Treasury Inspector General Finds No Political Meddling in Tax Analysis
Posted January 11, 2018 7:13 p.m. EST
WASHINGTON — An inquiry into the Treasury Department’s role in crafting and assessing the Trump administration’s tax plan found no evidence of any improper political interference with the career tax staff, but cast doubt on whether the department’s robust economic growth projections were achievable.
The Treasury Department’s Office of Inspector General launched a probe into the practices of Treasury’s Office of Tax Analysis after The New York Times reported on the lack of a Treasury analysis of the $1.5 trillion tax plan and concerns that career tax staff were shut out of the tax bill process. Steven Mnuchin, the Treasury secretary, had repeatedly asserted that the tax bill would pay for itself and that Treasury staff were working on a detailed analysis of the plan’s costs that would bear out that assertion.

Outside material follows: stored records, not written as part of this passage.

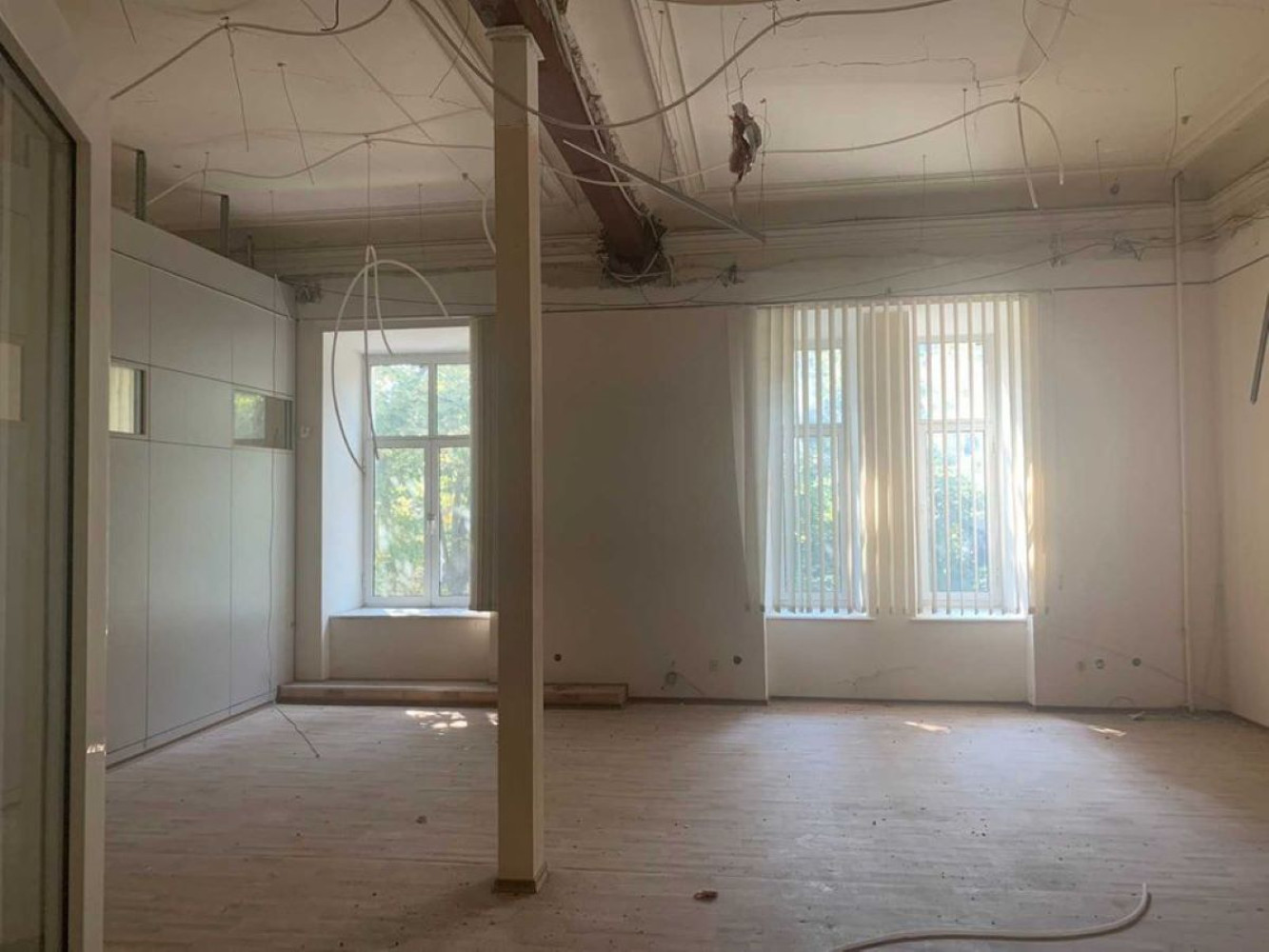 Коммерческая недвижимость на ул. Дерибасовская, 554 м², 820 000$ — FAKTOR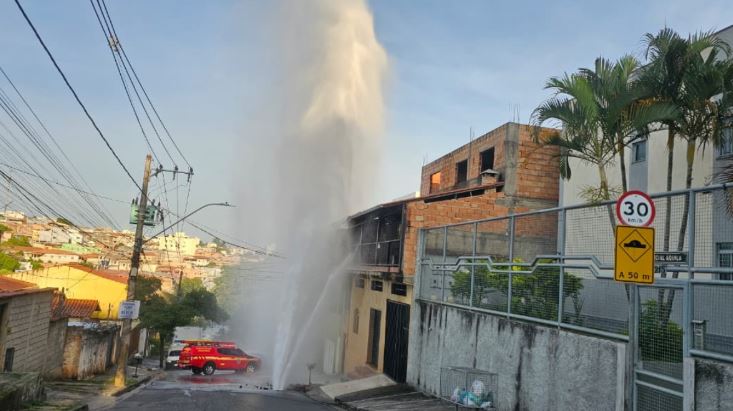 Rompimento de cano deixa família ilhada por risco de eletrocussão em Contagem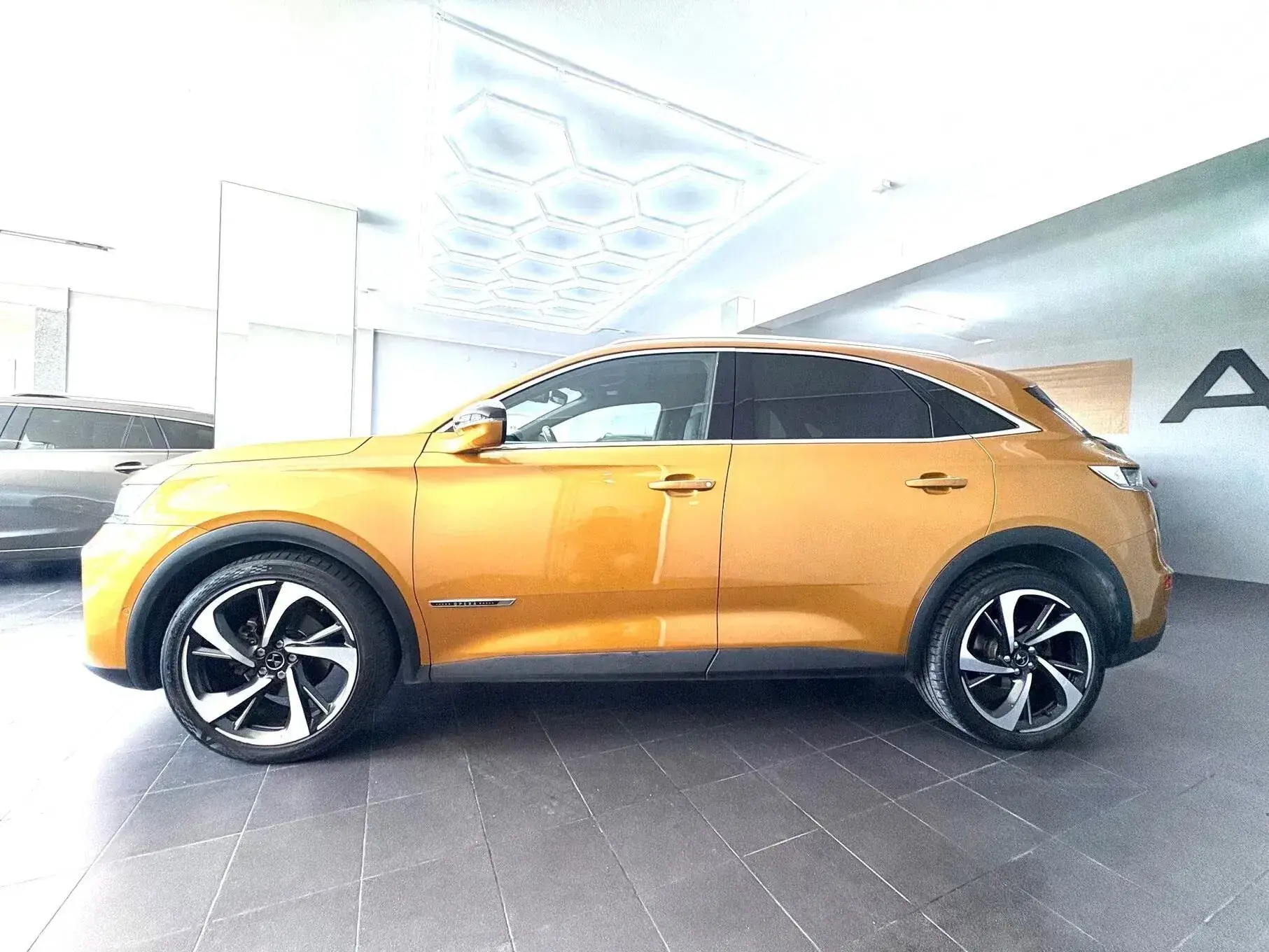 DS DS7 Crossback 2.0 HDi La Premier 180 Cv 3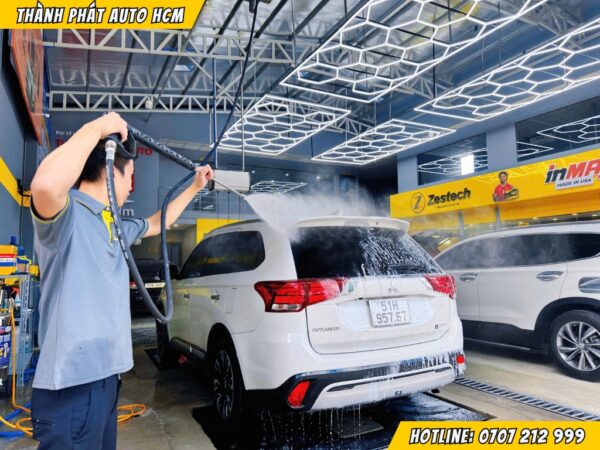 Dán Phim Cách Nhiệt Xe Hơi Llumar Tại Quận Gò Vấp - Ảnh 3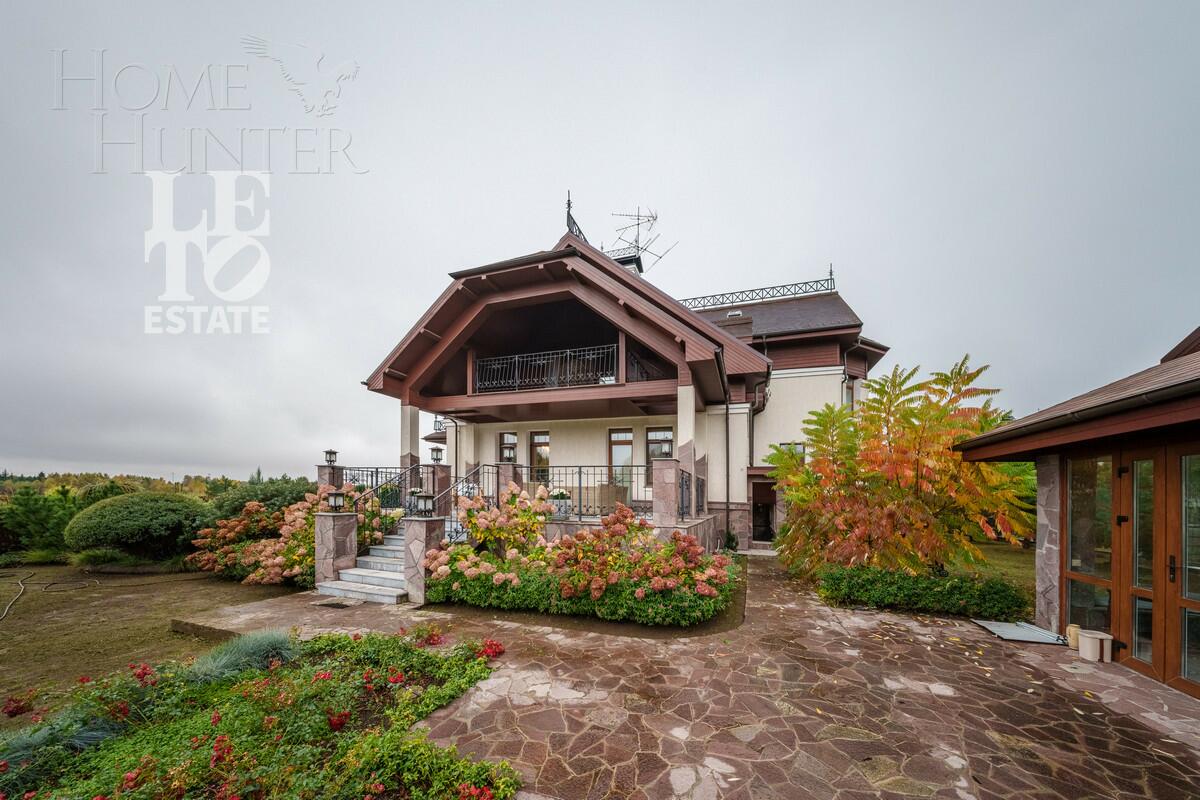 2-этажный коттедж 700 м² с отделкой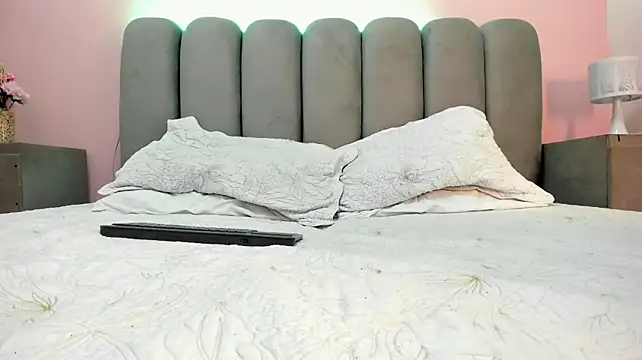 AaronNewmann Adlı Modelin Canlı XXX Sohbeti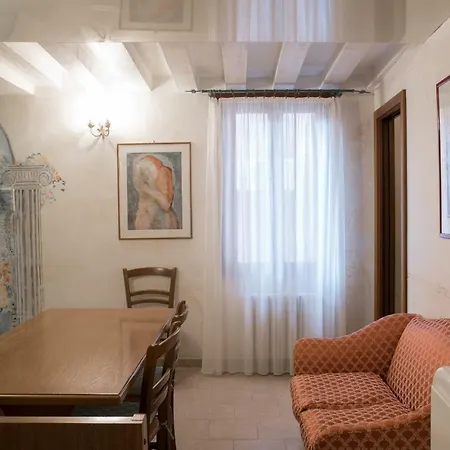 Elegante Dorsoduro *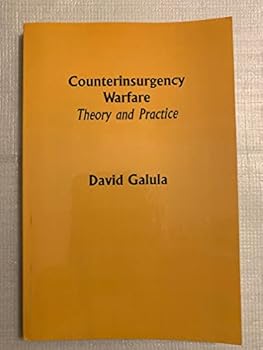 Paperback Counterinsurgency Warfare: Theory and Practice Book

The Treasury Department did not provide that analysis before the Senate voted on the tax bill and did not provide Sen. Bob Corker, R-Tenn., a promised analysis showing the tax plan would not add to the federal deficit. The lack of the analysis raised questions whether Treasury’s team of tax experts could really back up Mnuchin’s claims that the tax bill would not balloon the deficit.
“It is unclear whether the Department’s involvement in the tax legislating process in 2017 has been any more or less ‘political’ than it has been in past years,” Rich Delmar, the counsel to the inspector general, wrote in a report outlining its findings. “I do not see a basis to conclude that the process employed by Treasury this past year was contrary to law, an abuse of authority or otherwise improper.”
The career tax staff officials interviewed by the inspector general said that they were not shut out of the process or ordered to hide their work.
In a letter outlining the report, Eric M. Thorson, the inspector general, said that Office of Tax Analysis officials said their analyses were not released publicly because the office had gotten the impression, as the legislative drafting process picked up, that congressional staff and lawmakers were “less interested in getting OTA’s input.”
The report, which is based primarily on an interview with the department’s top tax expert, James Mackie, said that Mackie appeared to agree with Joint Committee on Taxation analysis that showed the Senate’s version of the legislation would add $1 trillion to the deficit over a decade, even when factoring in additional economic growth.
Mackie, the director of the Office of Tax Analysis, had no official position on the estimates but told the inspector general that they are “widely considered to be reasonable,” according to the report. Mackie is retiring from the department this month.
Treasury ultimately released a one-page analysis on Dec. 11 showing that the tax plan would more than pay for itself when using the Trump administration’s optimistic economic growth assumptions that factored in future economic policies. Tax experts from conservative and liberal think tanks criticized that report, which estimated a 2.9 percent growth rate, for using unrealistic projections.
The inspector general said that Mackie “declined to give a substantive answer” as to the likelihood of the 2.9 percent economic growth rate, but the report points out that such growth is “rare.”
“Bureau of Economic Analysis data indicate that such a run, in duration and magnitude, would be greater than has been the case in the U.S. since World War II,” the report said.
The Treasury inquiry was requested by two Democratic senators, Elizabeth Warren of Massachusetts and Ron Wyden of Oregon, the ranking Democrat on the finance committee. They said the report shows that Treasury was hiding the truth about the cost of the Republican tax cuts.
“This report confirms that congressional Republicans had no interest in unbiased analysis of the final tax bill by Treasury experts, and makes clear that Republicans sold the bill based on unsubstantiated and unrealistic assumptions so they could give a $1.5 trillion giveaway to their donors,” Warren said.
Wyden was unconvinced by the conclusion that the Treasury career staff members were free from interference.
“This political meddling has left a black mark on the once-sterling reputation of the career employees at the Treasury Department,” he said.